Kevin Mitnick, an infamous hacker turned do gooder, agrees customer service reps need better training. “The companies need to have policies put into place to come up with a way to have a very high confidence that they’re dealing with the consumer,” he said.
Mitnick has hacked into more than 40 companies, from a McDonald’s drive-thru to Motorola, and was once one of the FBI’s most wanted — eventually serving five years in prison for computer and phone hacking. Today he runs a business that points out security flaws to the corporations he once targeted.
Social engineering attacks are happening every day, Mitnick says, and it is often the first technique hackers turn to, because “calling somebody on the phone is so much easier than doing the technical magic you need to break into a computer.”
Mitnick is adamant: Consumers need to demand more from their vendors. If you aren’t satisfied with the steps your provider is taking to protect your account, vote with your wallet, he says.
“It’s really up to the organizations that need to verify their customers’ information. They’re the ones that are in control … they’re the ones that could affect change,” he said. “The consumer can only demand change — and if they’re unwilling to do it, you go to a different vendor.”
Consumers can help themselves
Crumbaugh says there are some ways consumers can help themselves.
First, if possible, set a PIN on your account. Choose four digits at random; connecting them to an easy-to-guess birthdate or address is a bad idea.
He also suggests creating fake answers to common security questions like “What is your mother’s maiden name.” For example, don’t use your dog’s real name and if you do, don’t make that information public.

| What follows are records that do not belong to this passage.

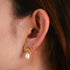 925 silver gold bow pearl earrings front view on ear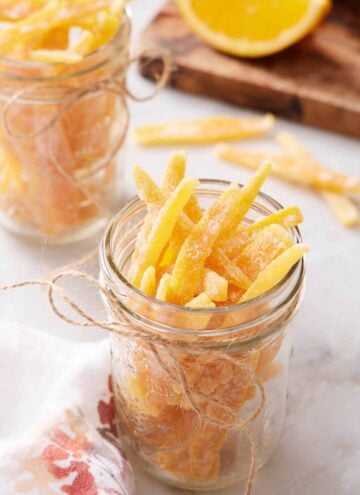 A mason jar full of candied orange peels with a twine bow on the jar. A second jar in the background.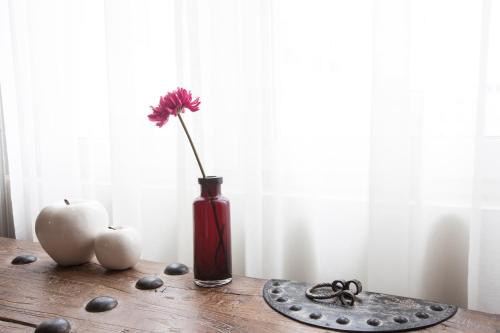 a red vase with a flower in it on a table at Quentin Prague Hotel in Prague
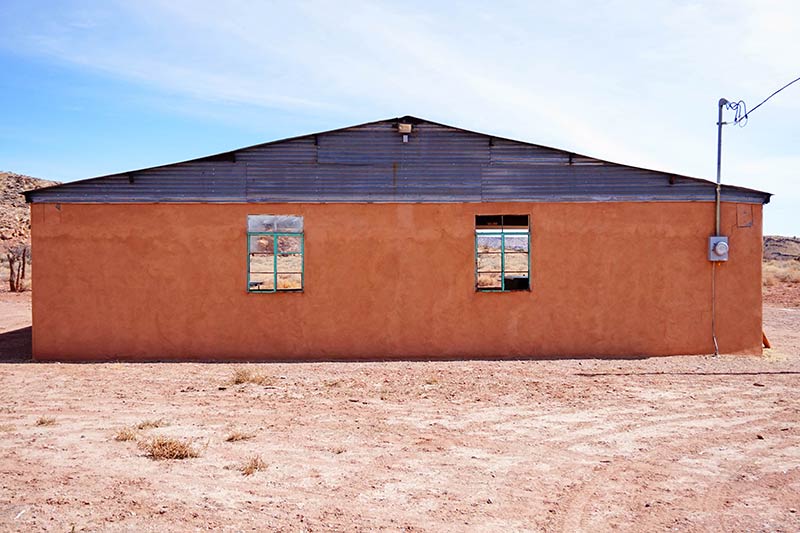 An orange stucco building with a steel roof sits on a sand lot in the desert with blue sky above
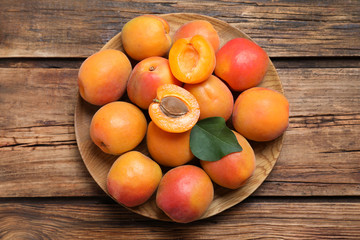 Delicious fresh ripe apricots on wooden table, top view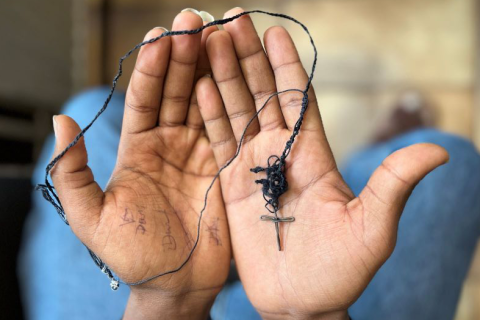 Ett halsband med ett kors i öppna handflator.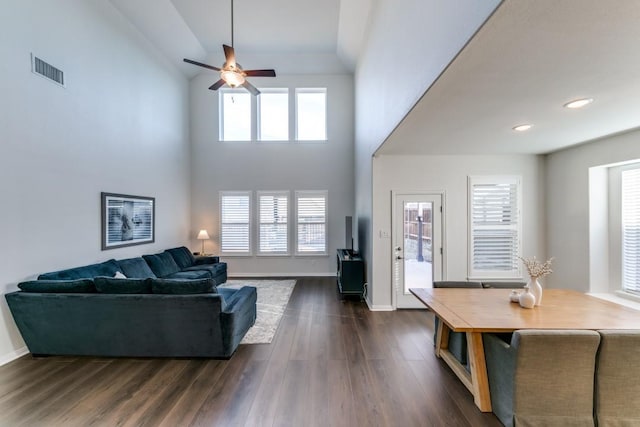 living room with ceiling fan, dark wood-type flooring, plenty of natural light, and a high ceiling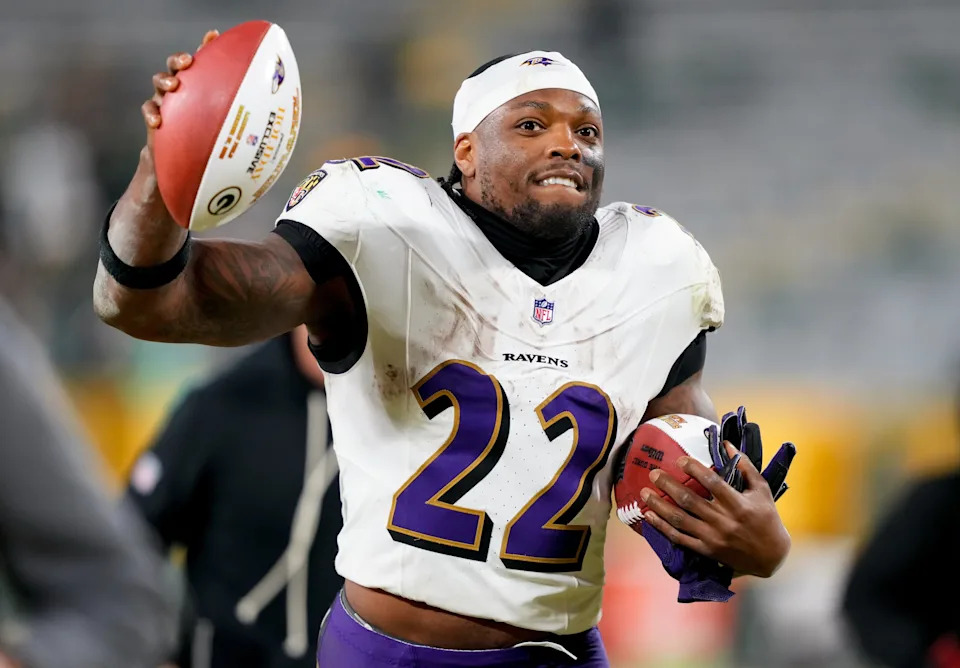 Dec 27, 2025; Green Bay, Wisconsin, USA; Baltimore Ravens running back Derrick Henry (22) celebrates after the game against the Green Bay Packers at Lambeau Field. Mandatory Credit: Kayla Wolf-Imagn Images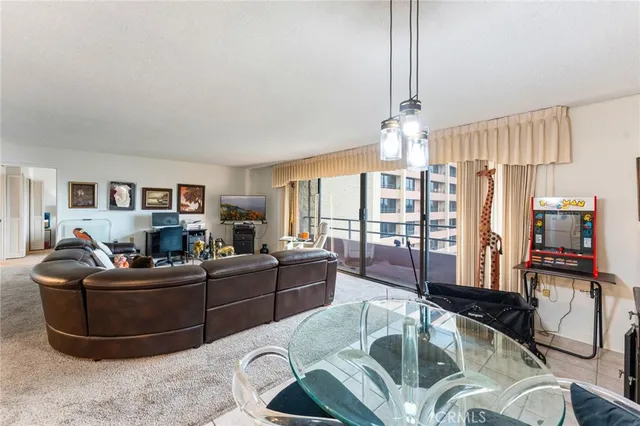 a living room with fireplace furniture and a chandelier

Social media is one of the first places hackers look to for clues about your passwords and answers to common security questions, such as your birthdate and where you went on your honeymoon.
“So many people will use their children’s names or birth dates or their animals’ names as passwords, and then you go onto their social media, and they’ve posted a million pictures of the same dog with the name of their dog, and they’re basically putting their passwords out there for everyone to see,” said Crumbaugh.
Crumbaugh also suggests using security questions that require an answer only you know but is not a personal detail like a birthdate.